Cultural Revolution in China, seen by victim and victimizer

Life and Death in Shanghai, by Nien Cheng. New York: Grove Press. 547 pp. $19.95. Born Red, by Gao Yuan. Stanford: Stanford University Press. 380 pp. $39.50

China's Great Proletarian Cultural Revolution is a movement best described in oxymorons. It was a crusade of organized anarchists; a cleansing operation that despoiled an already fragile social system; a puritanical orgy that sanctioned violence in the name of the public good. Political Luddites, its Red Guards, sought to dismantle an established apparatus, turning society on itself. Children were led to attack their parents, students their teachers; everyone turned against those called ``revisionists'' or ``capitalist-roaders,'' no matter how fervent their commitment to communism. Using the cryptic clich'es of an aging Mao Tse-tung - ``If we do not destroy, we cannot establish'' - all that was noteworthy in Old China, and much of what he himself had constructed, was to be eradicated in the rampaging campaign of righteous renovation.

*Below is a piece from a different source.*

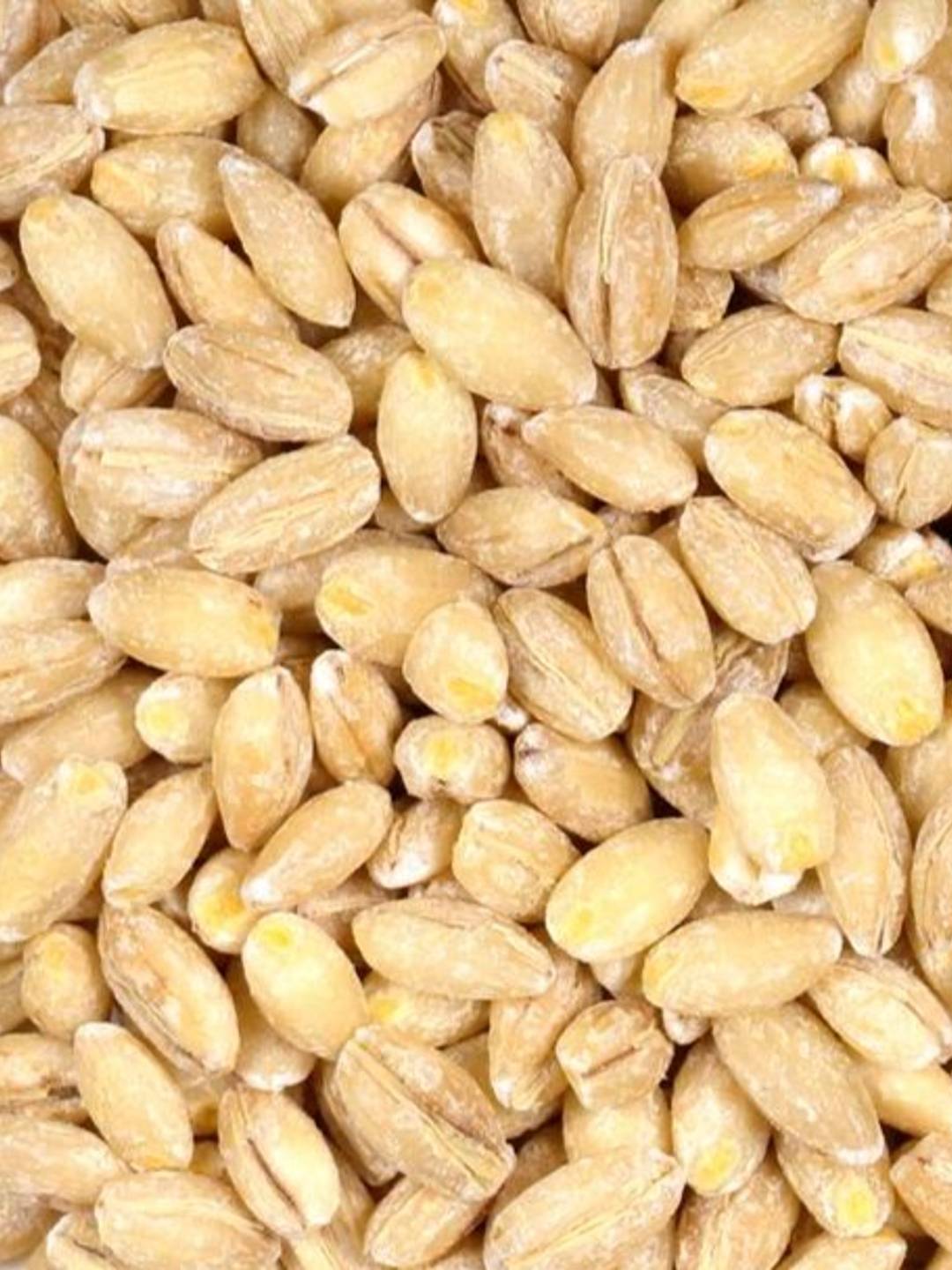 closeup of barley grains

Nien Cheng was one of the victims, Gao Yuan, one of the victimizers. Their books, read side by side, offer a Chinese version of ``Rashomon'' - only here what the ``reporters'' have to tell of the crime varies little, despite their very different vantage points. It is a common story of class struggle, family disruption, unrelenting upheaval, and occasional heroism.

Prior to 1966, Nien Cheng, a worldly, wealthy, English-educated Christian, had been exempt from many of the restrictions of her fellow countrymen because of her background and status as a liaison between the Shell Oil Company and its workers' union. She had inherited the position with the approval of the Chinese authorities upon the death of her husband, a former general manager of Shell. From the onset of China's reign of terror, she was a target of extraordinary opportunity for Red Guards seeking to bring ``imperialist spies'' and ``running dogs'' to ground.

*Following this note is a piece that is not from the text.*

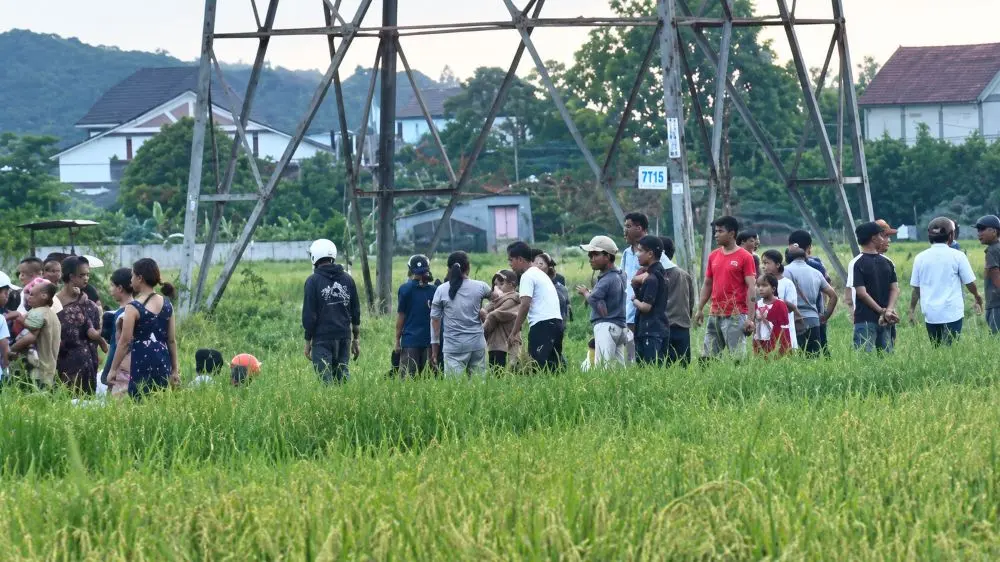 Vụ người đàn ông tử vong do điện 35kV phóng trúng khi gỡ dây vướng máy gặt trên cánh đồng ở Nghệ An.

Her ordeal began when the likes of Gao Yuan, middle-school youngsters, and older cadres, acting on orders to destroy such enemies of the proletariat, broke into and ransacked her Shanghai home and arrested her. For being who she was, and what she was, Nien Cheng was imprisoned in solitary confinement for nearly seven years. In the house of detention, she was urged to confess her bourgeois ``crimes,'' but, somehow, she found the strength to resist all efforts to break her.

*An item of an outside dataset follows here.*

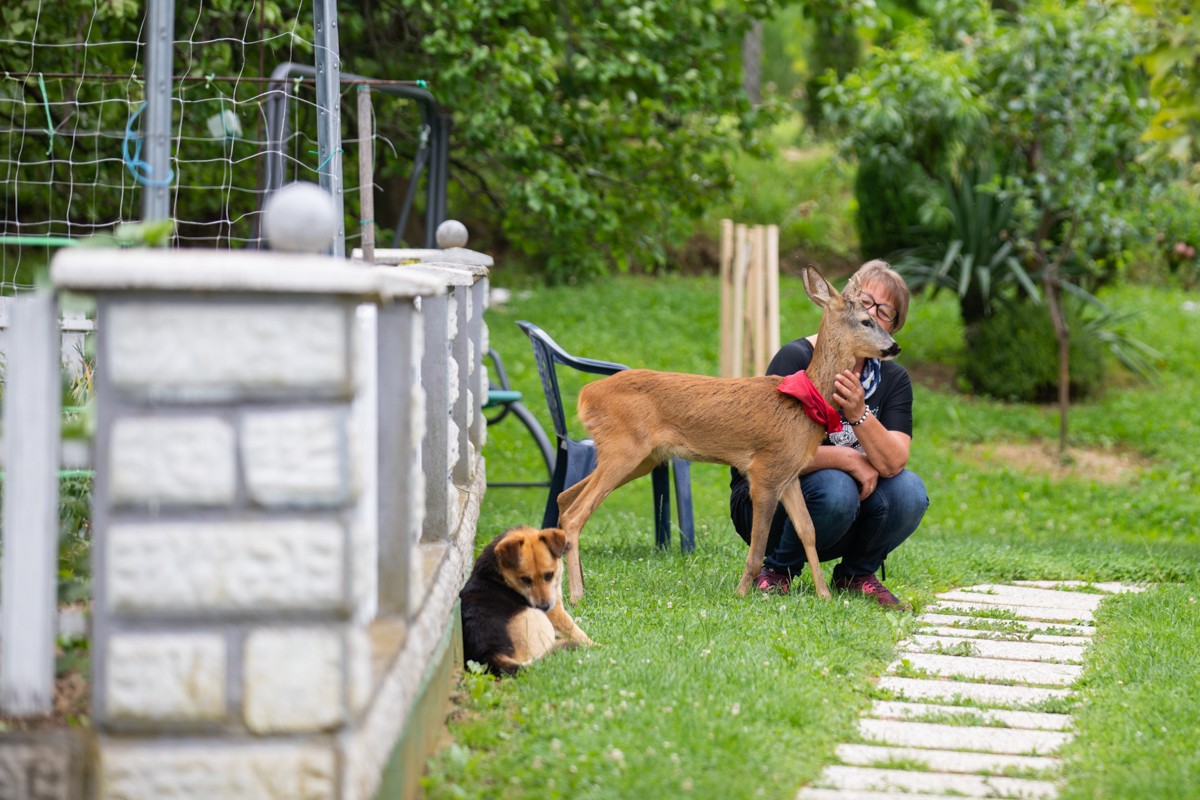 DIRLJIVA PRIČA Ivanka je prošle godine spasila polumrtvo lane. Danas je ono sretno u njezinom dvorištu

Her book - written in an amazingly calm, orderly, understated manner - is a memoir of an indefatigible woman struggling to maintain her pride, dignity, sanity, and faith in the dark days of the Cultural Revolution. That she managed to do it - and to write about it afterward - is a testament to her indomitable will and individual courage. ``Life and Death in Shanghai'' is a volume that belongs on the shelf alongside the writings of Primo Levi, Elie Wiesel, Dith Pran, and other chroniclers of ideological fanaticism, its dehumanizing consequences, and its all too rare resisters.

One favorite technique used by those who seek to abruptly change the course of history is sloganeering. It is a common first step in exciting unwitting patriots to join a political adventure. Mao rallied his youth corps by exhorting them to rid the country of ``The Four Olds'': old culture, old customs, old habits, old ways of thinking.

Across China, Gao Yuan and millions of other young people heard the message and answered the call. His book tells of what it was like to be caught up in the fervor of the revolution. Reading it reminded me of Melita Mauschmann's ``Account Rendered,'' the autobiography of a young German woman who believed that by joining the Nazi movement she would help to shape a new world.

Gao Yuan's volume, while lacking both the word power and the majesty of Nien Cheng's, does provide a clear sense of the appeal of the Red Guards' cause, the mobilization of troops to do battle against the often ill-defined class enemies, the headiness of early successes, the factionalism that arose, and the ultimate collapse of a now-discredited episode.

What is striking in both these personal accounts is the objective assessment each author makes of the circumstances that brought their country to the edge of ruin; the intimate characterizations of specific individuals - family members, friends, members of various units - with whom they had to deal, defying the idea that the Cultural Revolution was simply an uprising of faceless masses; and their combined ability to transport readers into situations where, one hopes, they will never have to find themselves.

Peter Rose, a sociologist, teaches at Smith College.